• [WHAT YOU HAVE TO DO]
In the material below, find the line containing "Bacanal, siguiendo a" and the line containing "LEDSone 2 Head". Output those two lines and all lines between them exactly, without pictures.

• [SUPPLIED DATA]
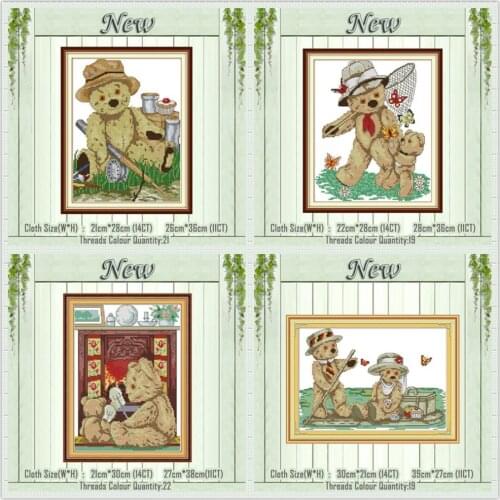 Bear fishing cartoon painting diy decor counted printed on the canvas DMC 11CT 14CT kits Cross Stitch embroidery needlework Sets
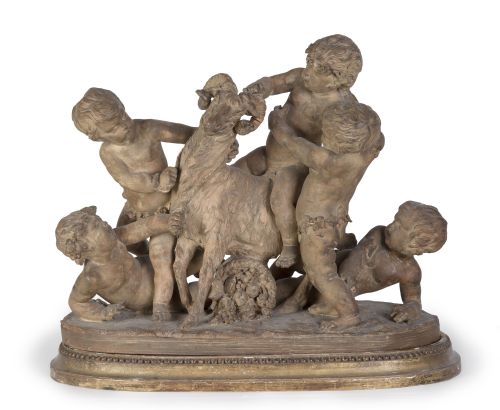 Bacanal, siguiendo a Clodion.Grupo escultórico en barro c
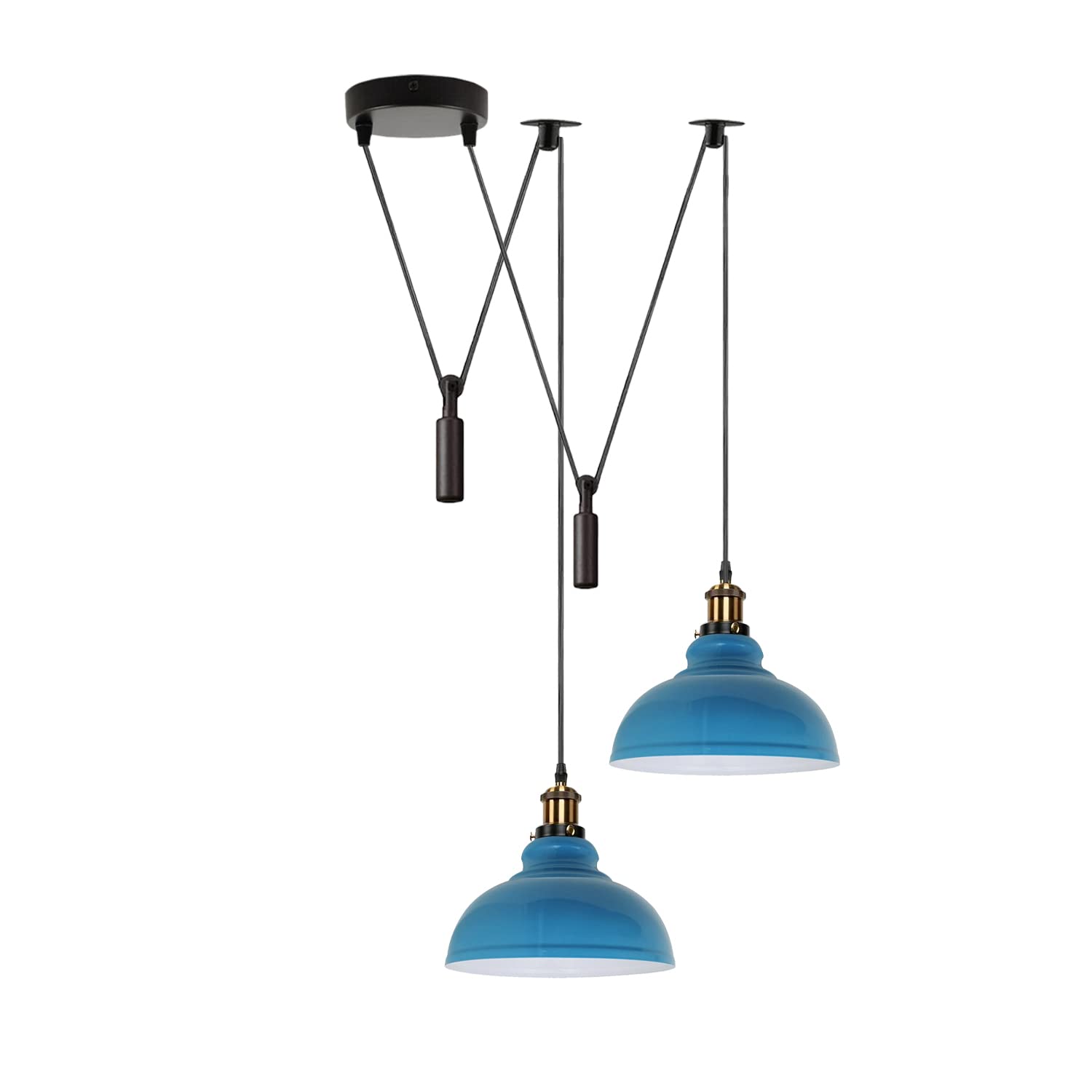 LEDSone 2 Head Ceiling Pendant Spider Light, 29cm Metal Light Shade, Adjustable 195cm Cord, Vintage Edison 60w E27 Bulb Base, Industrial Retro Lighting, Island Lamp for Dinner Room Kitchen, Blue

==

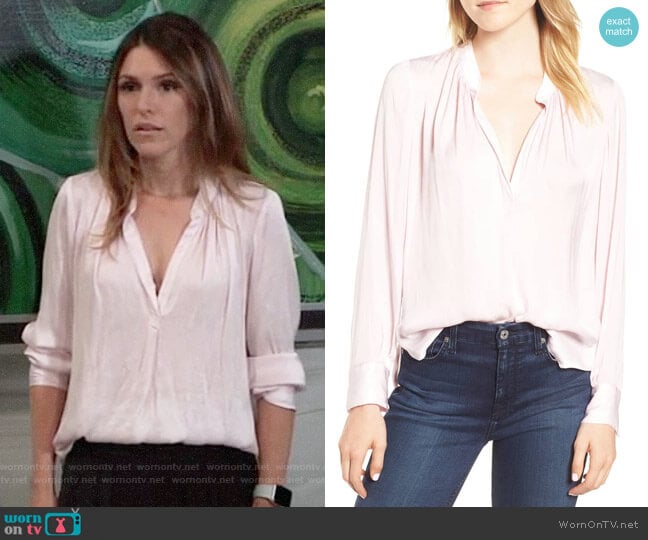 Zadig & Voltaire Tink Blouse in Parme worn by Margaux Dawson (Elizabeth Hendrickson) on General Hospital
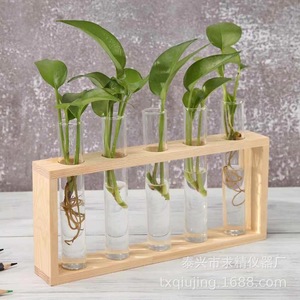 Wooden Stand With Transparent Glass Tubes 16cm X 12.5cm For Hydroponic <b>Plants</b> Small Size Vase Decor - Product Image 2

* * *

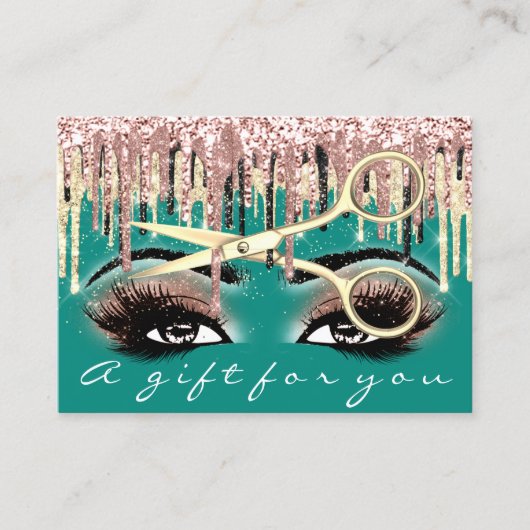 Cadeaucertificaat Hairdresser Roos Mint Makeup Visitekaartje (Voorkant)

• [ANSWER SPACE]
 Bacanal, siguiendo a Clodion.Grupo escultórico en barro c
 LEDSone 2 Head Ceiling Pendant Spider Light, 29cm Metal Light Shade, Adjustable 195cm Cord, Vintage Edison 60w E27 Bulb Base, Industrial Retro Lighting, Island Lamp for Dinner Room Kitchen, Blue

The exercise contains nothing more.